In some places, it is a daughter writing about any daughter, rather than her mother, because the flashbacks carry a detached understanding. Like when little Roy enraged her mother by calling her fat, only to look back tenderly now, beyond the reach of that rage, to what caused that rage. There’s an elegiac and fluid forgiveness that flows through the text while also demystifying motherhood. Breaking it down into a basic tale of survival. Mrs Roy meets us on her own terms and is not to be confused with Ammu. Roy, aware of the unfairness inherent in presenting a mother no longer available to refute or respond, goes to the other extreme, exercising empathy like a wand. 

Maternal absence or presence is left for us to gauge via snapshots of the child Roy was. Growing up with a brother who, unlike her, ‘remembered being loved’; gawking at the first telephone she ever saw and practicing to say ‘Hello? Who’s speaking?’; the time she ‘became the backseat’ in a car with Mrs Roy, realising she had a third sibling, which was the school her mother set up, Pallikoodam. All of which leads Roy to see through the ‘Mummydaddy people’, ultimately the Muggles of middle-class existence. With a brother, she must ‘absorb her darkness’ so Mrs Roy could shine her light on others. 

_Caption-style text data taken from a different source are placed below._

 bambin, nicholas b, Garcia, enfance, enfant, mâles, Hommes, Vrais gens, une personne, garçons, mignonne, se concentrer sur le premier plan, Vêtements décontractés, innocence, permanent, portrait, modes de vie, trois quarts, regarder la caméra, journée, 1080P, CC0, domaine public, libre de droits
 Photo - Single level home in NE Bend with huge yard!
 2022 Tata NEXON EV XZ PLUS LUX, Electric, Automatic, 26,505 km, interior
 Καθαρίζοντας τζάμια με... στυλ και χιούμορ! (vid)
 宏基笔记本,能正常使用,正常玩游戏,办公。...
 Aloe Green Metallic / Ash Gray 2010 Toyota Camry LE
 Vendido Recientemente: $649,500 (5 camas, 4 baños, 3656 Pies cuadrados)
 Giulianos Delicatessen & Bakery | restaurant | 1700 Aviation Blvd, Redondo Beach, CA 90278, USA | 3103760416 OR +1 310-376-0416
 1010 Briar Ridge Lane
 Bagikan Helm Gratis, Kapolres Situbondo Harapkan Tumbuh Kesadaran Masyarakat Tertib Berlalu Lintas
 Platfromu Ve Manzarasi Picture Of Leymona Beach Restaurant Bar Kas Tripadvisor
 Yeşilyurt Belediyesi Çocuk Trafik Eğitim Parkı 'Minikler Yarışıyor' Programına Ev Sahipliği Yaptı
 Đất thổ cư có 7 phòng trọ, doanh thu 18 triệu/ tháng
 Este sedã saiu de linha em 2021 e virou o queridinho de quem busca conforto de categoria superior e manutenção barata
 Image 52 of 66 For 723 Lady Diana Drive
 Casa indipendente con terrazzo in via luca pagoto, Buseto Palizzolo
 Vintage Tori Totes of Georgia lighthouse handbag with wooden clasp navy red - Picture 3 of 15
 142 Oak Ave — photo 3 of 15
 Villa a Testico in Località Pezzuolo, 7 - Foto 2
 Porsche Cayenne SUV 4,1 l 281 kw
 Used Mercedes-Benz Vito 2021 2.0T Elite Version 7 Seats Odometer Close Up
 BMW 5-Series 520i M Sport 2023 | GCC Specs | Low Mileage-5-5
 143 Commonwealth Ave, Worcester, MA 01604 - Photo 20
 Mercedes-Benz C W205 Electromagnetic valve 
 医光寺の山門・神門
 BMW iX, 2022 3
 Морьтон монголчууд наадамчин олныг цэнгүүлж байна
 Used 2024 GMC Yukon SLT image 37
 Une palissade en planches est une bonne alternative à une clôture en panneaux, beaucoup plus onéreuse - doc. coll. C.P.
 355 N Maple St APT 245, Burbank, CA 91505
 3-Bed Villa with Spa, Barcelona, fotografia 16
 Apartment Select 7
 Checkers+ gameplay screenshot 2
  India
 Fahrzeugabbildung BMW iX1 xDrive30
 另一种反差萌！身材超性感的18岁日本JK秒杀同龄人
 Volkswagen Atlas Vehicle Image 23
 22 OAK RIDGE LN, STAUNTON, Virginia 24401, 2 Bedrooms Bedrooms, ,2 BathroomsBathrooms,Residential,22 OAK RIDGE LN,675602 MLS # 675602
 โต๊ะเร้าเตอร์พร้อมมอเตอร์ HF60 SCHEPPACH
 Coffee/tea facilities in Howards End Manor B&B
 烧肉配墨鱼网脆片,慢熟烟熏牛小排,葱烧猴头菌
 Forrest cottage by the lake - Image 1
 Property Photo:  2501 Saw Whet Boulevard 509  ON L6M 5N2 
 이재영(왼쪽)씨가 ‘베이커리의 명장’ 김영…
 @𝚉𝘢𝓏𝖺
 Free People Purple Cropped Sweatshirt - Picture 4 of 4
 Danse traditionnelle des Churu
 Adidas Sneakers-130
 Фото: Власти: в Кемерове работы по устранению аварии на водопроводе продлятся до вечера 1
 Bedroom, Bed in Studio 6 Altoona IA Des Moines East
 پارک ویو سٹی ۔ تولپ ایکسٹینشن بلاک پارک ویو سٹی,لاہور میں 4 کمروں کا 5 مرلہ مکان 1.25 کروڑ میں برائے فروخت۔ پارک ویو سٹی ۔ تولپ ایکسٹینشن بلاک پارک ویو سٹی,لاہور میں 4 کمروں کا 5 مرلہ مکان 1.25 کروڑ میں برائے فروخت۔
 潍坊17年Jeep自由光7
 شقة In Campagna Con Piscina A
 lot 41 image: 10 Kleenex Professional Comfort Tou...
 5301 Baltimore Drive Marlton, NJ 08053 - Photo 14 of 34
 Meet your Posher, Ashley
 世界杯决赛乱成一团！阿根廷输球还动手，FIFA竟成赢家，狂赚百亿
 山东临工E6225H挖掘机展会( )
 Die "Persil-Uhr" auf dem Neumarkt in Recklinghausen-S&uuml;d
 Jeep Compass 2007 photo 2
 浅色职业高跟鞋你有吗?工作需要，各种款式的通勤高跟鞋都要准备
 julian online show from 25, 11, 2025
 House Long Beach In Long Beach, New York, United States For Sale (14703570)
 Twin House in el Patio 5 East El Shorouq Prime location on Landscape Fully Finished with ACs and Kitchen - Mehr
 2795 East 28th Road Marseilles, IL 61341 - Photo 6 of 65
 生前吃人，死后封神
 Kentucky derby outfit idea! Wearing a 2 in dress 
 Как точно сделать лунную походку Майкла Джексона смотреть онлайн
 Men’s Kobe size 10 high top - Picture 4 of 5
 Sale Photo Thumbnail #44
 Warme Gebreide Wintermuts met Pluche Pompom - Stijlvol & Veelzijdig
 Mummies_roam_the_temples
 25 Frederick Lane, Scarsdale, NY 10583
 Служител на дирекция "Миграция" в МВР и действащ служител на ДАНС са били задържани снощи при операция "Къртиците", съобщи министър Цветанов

While Mrs Roy got her share of ancestral property in a landmark lawsuit, the younger Roy is here for a stake in memories. As if she knows the dangers of ending up an unreliable narrator, Roy is hardest on herself, hunting down every last thing in her mother’s favour that she can. ‘She loved herself. Everything about herself. I loved that about her,’ she writes. A mother who ‘hovered over me like an unaffectionate iron angel. The metallic swoosh of her iron wings spurred me to pick the big fights, not the small ones’. 

Despite finding ‘it impossible to gauge what would anger my mother and what would please her’. Roy owns the Kerala she knew. Laughing at husbands who throw down letters for wives to pick from the floor — you know, those affluent-looking wives with diamonds ‘like tiny searchlights’ in their ears. Harking back to a parent in a sleeveless blouse, smoking a cigarette, when ‘she wasn’t Mrs Roy. She was someone else’. Remembering what her mother said about her father: ‘He was a Nothing Man.’ Being ‘alone, and unpregnant’ in Rome. 

Evolving into the Roy we read, who has ‘begun to prefer descriptions’. ‘In ruins’, as her mother lay in a coffin; on trial ‘for not behaving like a reasonable man’. With a heart that ‘began to take public things extremely personally’. Nearly three decades after that novel comes this love poem from a daughter to her mother, which I, unsurprisingly, read in one go on September 1, exactly three years after Mrs Roy died. 

It is a literary delight despite the broken heart that comes from reading it (as perhaps writing it) when Roy holds up Small Things from her past against the light. She writes: ‘As soon as the shouting began, I would flee. The river was my refuge. It made up for everything that was wrong in my life.’ And the wistful reader wonders where Rahel ends and Roy begins. Because they ache the same. I read it as a mother, like all guilty mothers out there who joke about not having a maternal bone in their body, but whose hearts are filled with guilt and panic for daughters they are doomed to love but not understand.

Mary Roy perhaps foresaw that her child would grow up to be a writer who would turn around one day and say, ‘Even writers were children once’.